Il primo giorno di ferie? Se l’è concesso Dio, dopo aver creato il mondo: “Così furono portati a compimento il cielo e la terra e tutte le loro schiere. Allora Dio, nel settimo giorno portò a termine il lavoro che aveva fatto e cessò nel settimo giorno da ogni suo lavoro. Dio benedisse il settimo giorno e lo consacrò, perché in esso aveva cessato da ogni lavoro che egli creando aveva fatto” (Genesi 2,1-3).
Così almeno è scritto nel secondo capitolo della Genesi. Da allora l’alternanza tra lavoro e riposo non è solo una necessità quotidiana, ma richiede anche uno “stacco” più ampio e determinato. Il rapporto tra il creatore e il creato si compie e si consacra con un giorno di festa o meglio, un giorno di riposo: il sabato. In ebraico la giornata del sabato viene tradotta con al parola Shabat.
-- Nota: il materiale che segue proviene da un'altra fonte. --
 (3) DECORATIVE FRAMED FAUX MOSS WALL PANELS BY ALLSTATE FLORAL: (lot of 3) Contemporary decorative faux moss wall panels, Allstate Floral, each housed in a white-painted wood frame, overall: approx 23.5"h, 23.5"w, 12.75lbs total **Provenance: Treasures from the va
È una parola interessante perché etimologicamente deriva da lishbot che letteralmente significa “smettere”. L’idea che ho nel leggere il testo biblico è quella di un creatore che potrebbe continuare indefessamente la sua opera creativa, ma che decide di fermarsi e riposarsi. Perché?
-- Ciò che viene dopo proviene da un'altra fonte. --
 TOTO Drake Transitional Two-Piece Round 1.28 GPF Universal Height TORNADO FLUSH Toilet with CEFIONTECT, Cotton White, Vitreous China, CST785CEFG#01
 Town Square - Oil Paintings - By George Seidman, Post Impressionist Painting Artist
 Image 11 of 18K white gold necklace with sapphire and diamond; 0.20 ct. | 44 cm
Molte persone intorno a me hanno prenotato da mesi le loro vacanze e nonostante l’aria di crisi abbiamo sempre la necessità di respirarne di nuova lontano da internet, e-mail, radio e tv. Mare o montagna, laghi o campagne presto si affolleranno di villeggianti più o meno attrezzati per passare questo periodo di “smettere”. Non tutti avranno il coraggio di staccare totalmente e tra una granita e un bagno il pollice scorrerà comunque veloce sul blackberry per vedere l’ultima mail. Altri lasceranno i problemi in un cassetto di casa, ben serrato, sperando che, se proprio deve essere svaligiato il loro appartamento, i ladri si portino via quelli e non l’argenteria della nonna o lo stereo nuovo del figlio.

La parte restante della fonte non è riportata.